Stephine Nwaneri, a 24 year old graduate of the University of Missouri working as a medical professional was preparing to apply to Physician Assistant school when she began to feel changes in her body. She developed weakness in her left eye leading to double vision, and slight weakness on her right side causing her to limp and limiting her use of her right hand. Worried, she consulted with her physician and was scheduled for an MRI of her brain. On October 16th 2014, Stephine was diagnosed with a brain tumor on a very delicate portion of her brain called the brainstem.

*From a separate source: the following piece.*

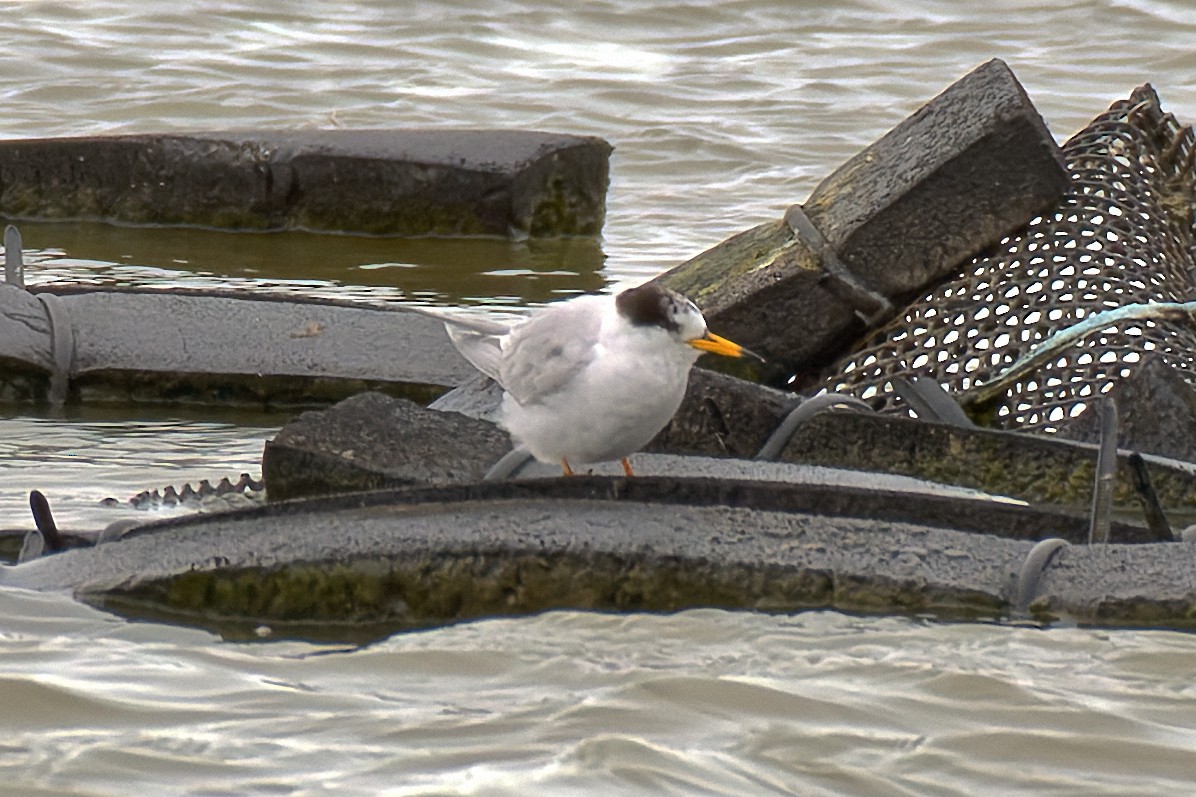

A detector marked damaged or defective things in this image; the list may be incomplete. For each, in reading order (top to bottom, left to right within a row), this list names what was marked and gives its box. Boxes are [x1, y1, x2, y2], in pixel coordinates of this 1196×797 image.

rusty wire mesh [827, 84, 1196, 430]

As the brainstem controls many vital functions necessary for life like swallowing, breathing, and heart rate, Stephine was told surgery to remove brainstem tumors are often not preformed as they are very risky and could potentially leave an individual in a vegetative state. However, after consulting with a neurosurgeon Stephine and her family decided to go along with an attempt at surgery to remove the tumor. They felt that surgery in fact provided Stephine her best chance at living a healthy life again.
On October 23rd, 2014 Stephine went under the knife, and after 10 hours in the OR. Her surgeon proclaimed that they had successfrully removed most of the tumor. After surgery, Stephine unable to breath on her own was left with a breathing tube. 5 days later and 3 failed attempts at removing the breathing tube, Stephine's doctors decided to perform another procedure on her called a tracheostomy, where a hole is made in one's neck to better assist with breathing. And a week after surgery Stephine was finally given a diagnosis of Choroid Plexus Carcinoma, a very rare brain cancer.
On Thursday Nov 13th, 2014, Stephine was finally moved out of the ICU. In and out of the hospital Stephine completed speech, occupational, and physical therapy to help her regain her strength and function back, before completing chemotherapy and radiation.
After months of intense therapy, chemo, and radiation, She was given yet again more devastating news. She was told she would never be able to have a baby due to the invasiveness and the location where the radiation therapy was administered. She remained cancer free for 2 years.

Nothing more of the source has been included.